Legislative Proposal, Bill or Resolution, Policies or Program
Hate speech and internet-based hate: For Canada to adopt policies – either/and through legislation or policies adjustments that will provide measurable standards for internet-based dissemination of hate speech, including explicit provisions within the Crimical Code and/or the Human Rights Act.
Policies or Program
Accountability for Anti-Racism Initiatives: Public accountability measures should be developed and implemented to support and uphold genuine progress in combating hate in all its forms, as outlined in Building a Foundation for Change: Canada’s Anti-Racism Strategy 2019–2022.
Advocate for restitution for Holocaust Survivors: Canada should continue leveling diplomatic pressure on countries in Eastern Europe that have evaded their responsibility to pass meaningful restitution laws.
Advocating for the development of a national anti-poverty strategy.
Agriculture Canada: Assist in securing termination of Israeli ban on Canadian beef imports as a result of BSE (Bovine Spongiform Encephalopathy) protocols.
This is just a partial list of their lobbying activities.
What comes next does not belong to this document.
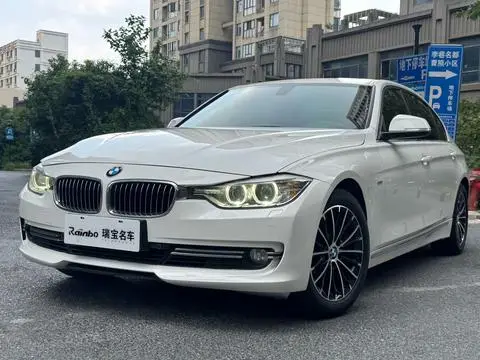 BMW 3 Series 2013 — фото 1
However, it’s obvious that policies related to speech are a very important portion of it.
It seems completely incongruent that people who claim to value freedom would be so willing to water it down under the guise of fighting hate speech.
Poilievre and Baird are also silent about Bill C-250, a Private Member’s Bill that would criminalize Holocaust denial. Not only would this be a criminal offence, but it could result in prison time. This came from “Conservative” M.P. Kevin Waugh.
Iqra Khalid (rightfully) got a lot of flak for bringing in M-103, a Motion to finance the “study” of Islamophobia. That said, she never proposed putting anyone in prison over it. This is so much worse.
Waugh was lobbied by CIJA recently before introducing this Bill. It’s fair to assume that these are the people pushing for it.
An interesting Twitter thread shows the problem with right-wing politicians in general. There seems to be the expectation to pander endlessly, at least to 1 foreign nation. However, similar pandering with Islamic countries is a cause for concern. Whatever happened to focusing on your constituents?
Poilievre (and “conservatives” in general) claim to be supporters of freedom and individual rights. After all, it’s only the lefties that hate freedom, at least in theory. That being said, they are silent about efforts to erode those rights from within.
And Maxime Bernier? Will he address this?
He spends more time talking about overpriced milk.
Other red flags include Baird’s ties to the World Economic Forum. Poilievre has denied being a part of it, despite being listed in the database. Also, he doesn’t seem to mind his campaign chair being associated with WEF, and he doesn’t overtly condemn the group. Nor does he appear to object to the Eurasia Group side gig.
Another problem is that Poilievre was relatively silent when Provincial Premiers (many of them “Conservatives”) were infringing on the rights of Canadians. It’s only when Provincial martial law measures were — mostly — removed, did he start his crusade against Trudeau. It’s opportunism, to say the least.
There are of course other concerns with Baird and Poilievre. These are just a few of the larger ones.
Unfortunately, far too few Canadians will do any due diligence on candidates before voting for them. People need to look beyond the catchy slogans to see who they really represent.